一年中、緑に輝く美しいマノア渓谷は、訪れるたびに思わず深呼吸したくなる場所だ。それは、都会が目の前から姿を消し、豊かな自然に囲まれた手入れの行き届いた古くからの邸宅の並ぶ景色が広がるマノアならではの魅力であり、突然舞い降りてくるうっすらとした霧や季節を問わず一年中渓谷にかかる美しい虹のせいであるかもしれない。
マノア渓谷にあるマノア・ヘリテージ・センターは、この緑豊かな土地への慈しみに溢れている。広さ3.5エーカーのセンターは、マノアの中心を通るマノアロードに面して建っているが、その前を何度通っても、その存在に気づかない人は多い。この私設の教育スペースは、一般にはほとんど知られていない自然文化遺産で、この街の豊かな歴史に触れることができる場所だ。 多くの役割を果たすこのセンターには、完全な状態で保存されているヘイアウと、ハワイ諸島への最初の入植者によってハワイに持ち込まれた在来植物の庭園、そしてハワイ文化継承者のために用意されたスペースがある。ここでは子どもたちが、ハワイを形成する上で欠かせない先住民の伝統技術(初期のハワイ人による古代ヘイアウの建築法など)を学び、ハワイの豊かな歴史に触れることができる。

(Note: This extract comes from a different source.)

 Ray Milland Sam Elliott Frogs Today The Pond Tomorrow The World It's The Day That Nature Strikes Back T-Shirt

現在のマノア・ヘリテージ・センターが確立されるまで、実に1世紀以上の歳月がかかった。その歴史は、1837年に宣教師としてこの島に到着したサム・クック氏の親戚が、王室の子供たちのための王族学校を設立したことに遡る。この学校に寄宿した生徒の中には、カメハメハ2世と3世、バーニス・パウアヒ・ビショップ王女などがいた。 1996年、ともに熱心なアーキビストで収集家であった故サム・クック氏と彼の妻メアリー氏は、ハワイの貴重品を保存し、人々と共有するために、このセンターを設立した。「主人と私の夢が形になりました」とメアリー・クック氏は語る。

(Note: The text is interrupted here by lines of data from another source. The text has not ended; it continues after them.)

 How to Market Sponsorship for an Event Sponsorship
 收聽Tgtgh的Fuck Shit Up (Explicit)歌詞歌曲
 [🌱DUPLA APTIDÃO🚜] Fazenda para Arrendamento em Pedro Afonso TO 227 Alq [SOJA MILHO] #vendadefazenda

メアリー氏にとってこのプロジェクトには、特別な思い入れがある。というのも、このセンターは、彼女の住む家の裏庭にあるのだ。夫妻は、1911年にサム氏の先祖が家を建てて以来、親戚やデベロッパーに分割されていた土地を買い戻し、マノア・ヘリテージ・センターを立ち上げた。彼らは、長年かけて専門家や地域社会と共同で、かつてマノアの農民たちが豊作祈願のために訪れた“クカオオ”と呼ばれる敷地内にある農業のためのヘイアウ(古代寺院)の保存に努めた。庭園を作り直して侵略的外来種の植物を取り除き、島中から集めたハワイの固有種や絶滅危惧種の植物を植え直した。2018年の初めに「ハリー&ジャネット・ワインバーグ・ビジター・ハレ」が完成し、毎年多くの就学児が訪れる教育スペースとなった。現在、このスペースでは、フラやひょうたんを使ったアートといった、文化的なワークショップが開催されている。

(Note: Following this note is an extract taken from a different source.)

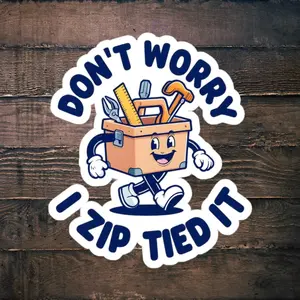 Don't Worry I Zip Tied To Sticker, Funny LINEMAN Hard Hat Sticker, Blue Collar Stickers, Gift for Electrician, Decals for Hard Hat- Toolboxes- Helmet.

クック氏が公開している貴重品の中で、もっとも注目に値するのは、メアリー氏が今も住んでいる彼らの家そのものであろう。1911年に建てられた“クアリイ”という名の歴史ある美しい家は、丘の端に堂々とそびえ立っている。その廊下を歩けば、窓枠に収まったマノア渓谷の美しい稜線の眺めのほかにも、多くの魅力が詰まった建物であることに気づくだろう。クック家が生涯を通して収集した、ハワイの歴史的な古書や写真であふれた家は、まるで建物自体が博物館であるかのようだ。
D. ハワード・ヒッチコック氏によるカウアイのタロ畑を描いた美しい油絵の風景画や、ピーター・ハード氏によるプランテーション時代の夕日に染まった昔の鉄道、ピーター・エマート氏によるホノルルダウンタウンの風景画に色を塗ったビンテージ作品。「これらの絵は、キャプテンクックとともに来航した絵描きをはじめ、ハワイを訪れた芸術家たちの目を通して見たハワイの素晴らしい歴史を綴っています」とメアリー氏。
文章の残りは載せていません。